Analog Practice in a Digital World.

Locating Jewish Death Practices Within the Context of DIY/Maker Culture.

(Note: chevrot kadisha [s. chevrah kadisha], literally "holy societies," are [often anonymous] groups within Jewish communities that care for the dead and prepare them for burial. Traditionally, chevrot were also responsible for visiting the sick and comforting mourners, functions still performed by many chevrot today. In 2018 I founded the chevrah kadisha at Beacon Hebrew Alliance in Beacon, NY (note: when I capitalize Chevrah Kadisha, I am referring to the wider Chevrah composed of all those who perform these services). My connection to the Chevrah has proven to be profoundly life-affirming, and I am grateful to those who got me there and to those who travel with me, particularly the fine folks of Kavod v'Nichum. It is my hope that Kimah will help others to discover the ways in which an acceptance of death can lead us to a richer, more compassionate appreciation of life. Find out more about the Chevrah Kadisha here)

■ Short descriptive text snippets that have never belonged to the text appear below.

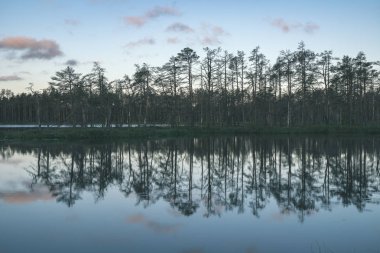 geç akşam güneşi bataklık göller üzerinde yansımaları sakin su ağaçları ile yaz aylarında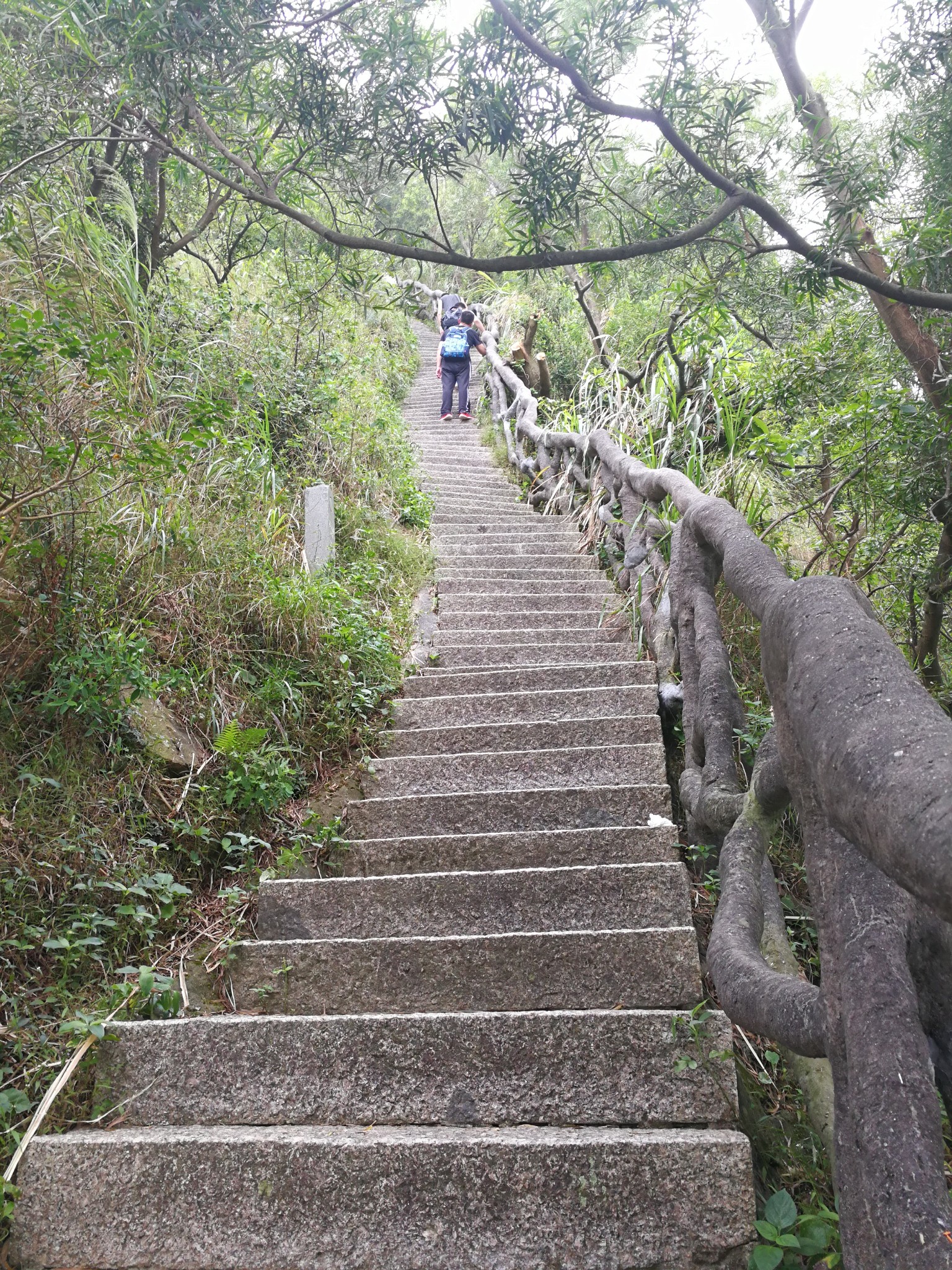 徒步深圳梧桐山海拔947m,深圳自助游攻略 - 马蜂窝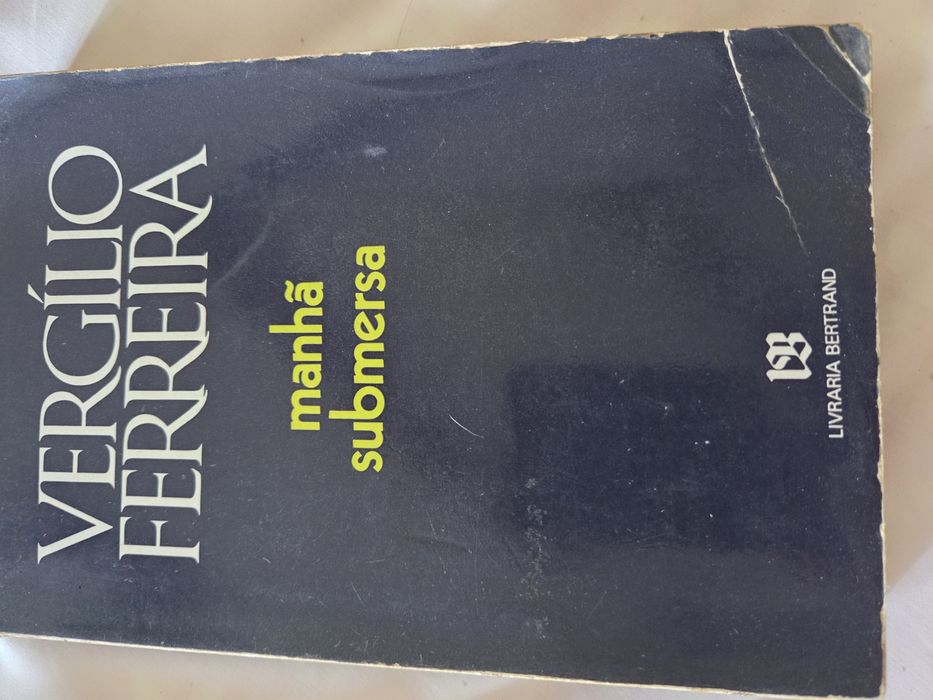Manhã Submersa, de Virgilio  Ferreira.   Sobre a educação  dos jovens no seminário, os castigos, os tabus, a penitência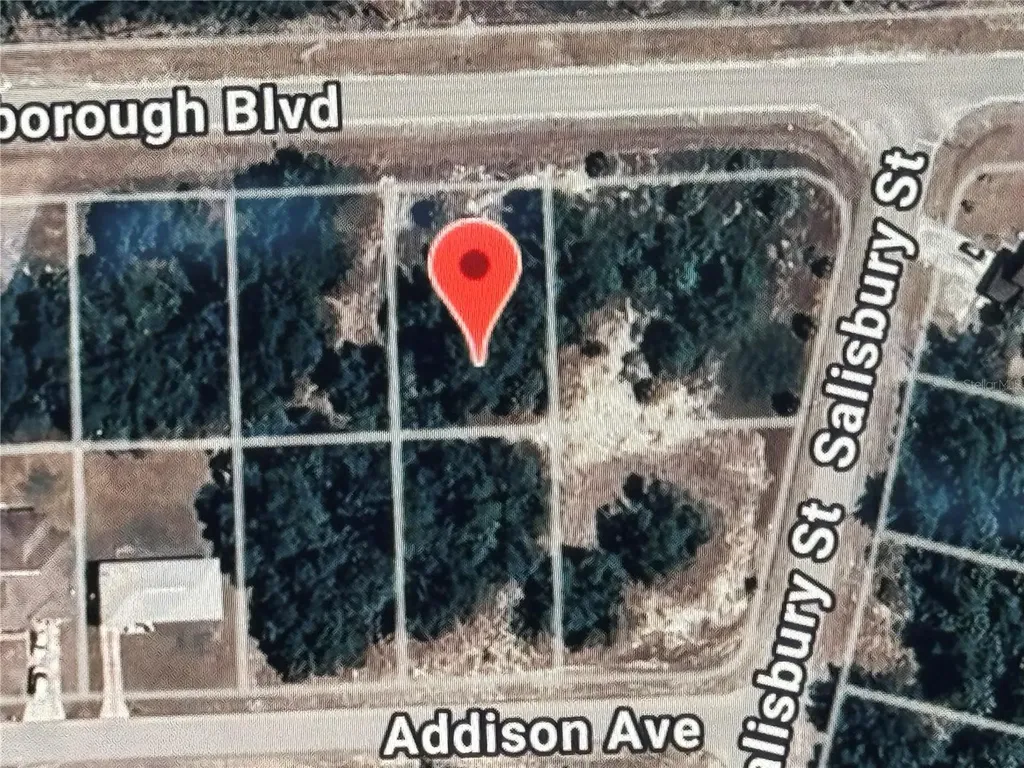 19233 Hillsborough Boulevard Port Charlotte FL 33954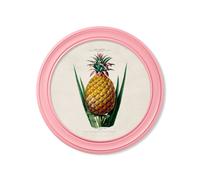 Exceptional Art c.1843 Pineapple Plant - Round Frame Pink - 70 x 70cm - Pink - Framed Print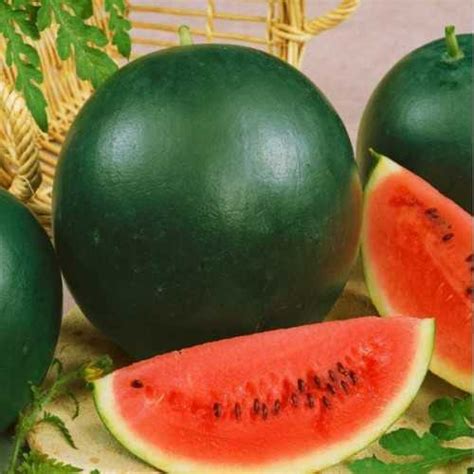Watermelon Sugar Baby 15 Fruit Seeds Viridis Hortus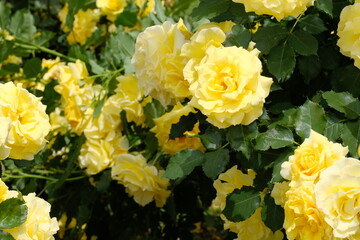gold bunny rose in full blooming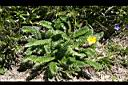 雪山萎陵菜10.jpg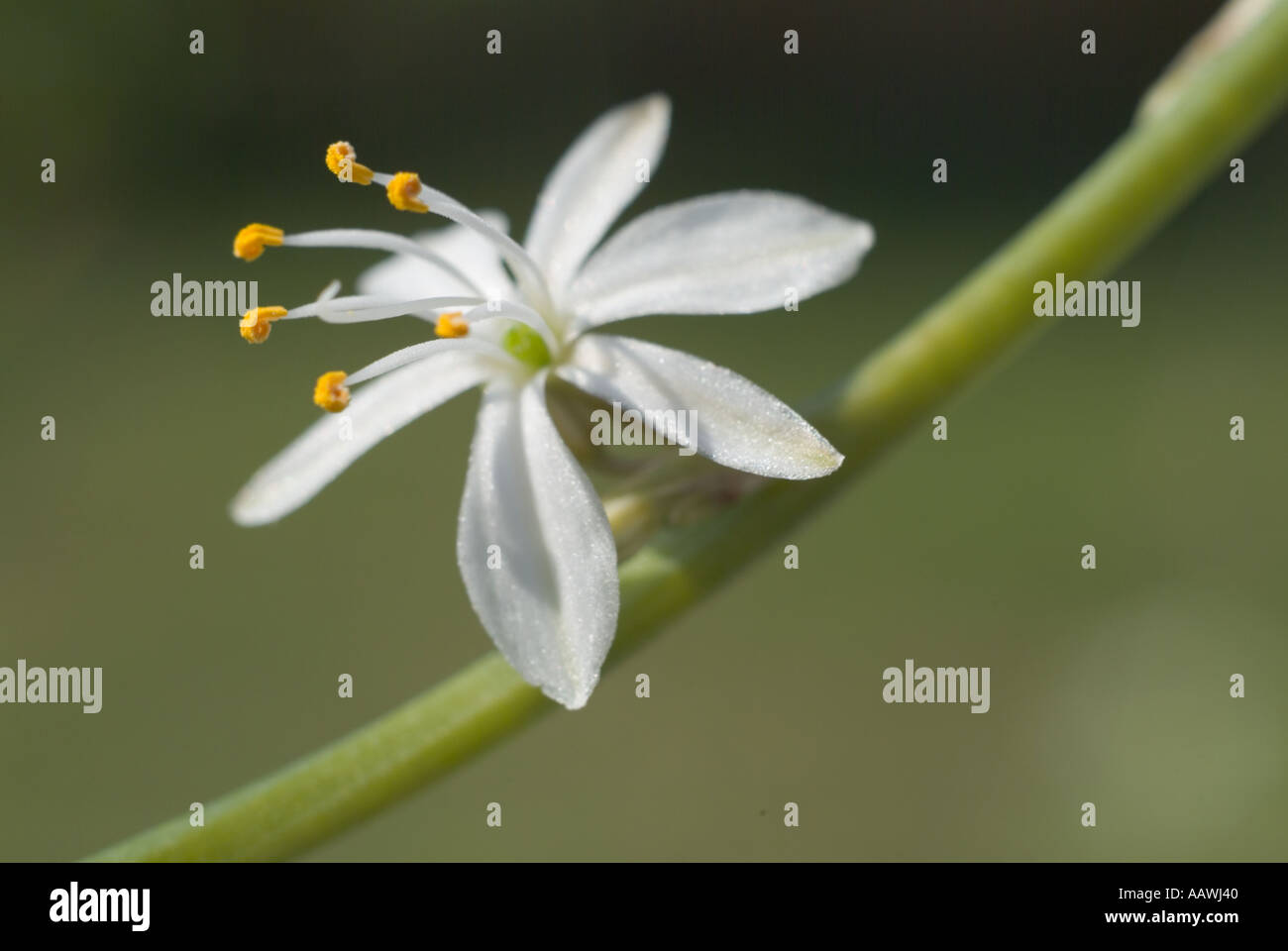 variegated spider plant white flower petal anther filament stamen Stock ...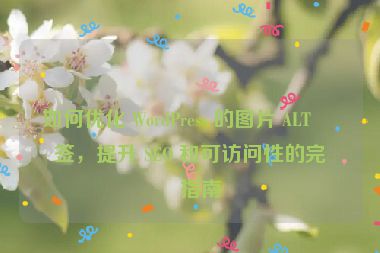 如何優(yōu)化 WordPress 的圖片 ALT 標(biāo)簽，提升 SEO 和可訪(fǎng)問(wèn)性的完整指南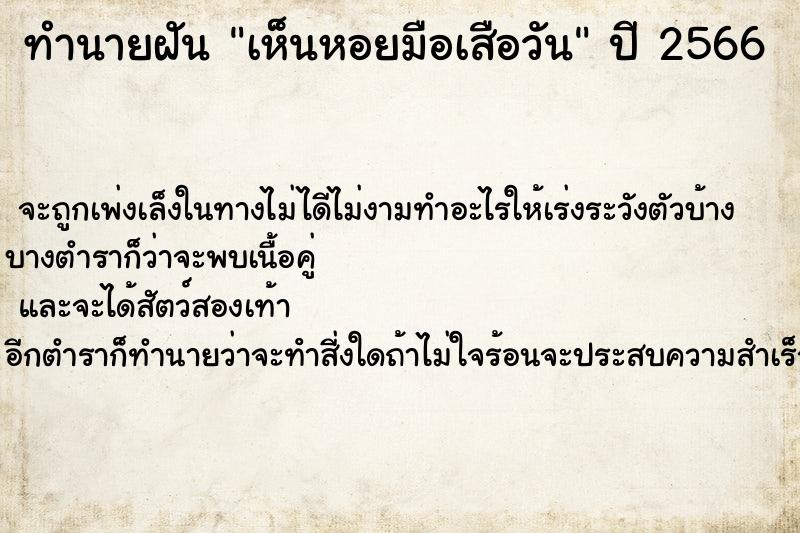 ทำนายฝัน เห็นหอยมือเสือวัน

Why join a Chevrah?  Why now?  This post seeks to address these questions from two angles, one global and one personal, as well as to explore the intersection of the two.

First the personal.  My father died in 1999, my mother in 2012.  In both cases I felt compelled to find ritual means that would allow me to honor their individuality and the specificity of my connection to them.  The idea of handing things over to "professionals", whether a funeral home or the clergy, felt like a kind of betrayal.  Since both deaths occurred prior to my conversion to Judaism, I had no access to the rituals that I now seek to promote, and I felt no real connection to Presbyterian death practice (to the extent that I could determine if there was such a thing).

Overall, I feel I succeeded in my efforts, my mom receiving the second line procession, brass instruments in the lead, that her love of celebration seemed to call for, while my dad was remembered with the Bartok and poetry that he loved.  No doubt much of this drive came from my experience as an artist, the same drive that led me to make my own huppah, and that led my wife, also an artist, to customize her wedding dress.  But it was also part of a larger context, one that continues to find expression in the present.

That context can be broadly termed Do it Yourself (DIY) culture.  In many times and places, DIY is just part of the fabric of everyday life.  It doesn't need a name because it's taken for granted.  This is certainly true of the origins of taharah (the ritual washing of the dead) and the whole range of Jewish end of life practices.  But perhaps broadly speaking, the trend in Western societies has been away from the personal towards the institutional; away from intimate experience and towards alienation in its literal sense.  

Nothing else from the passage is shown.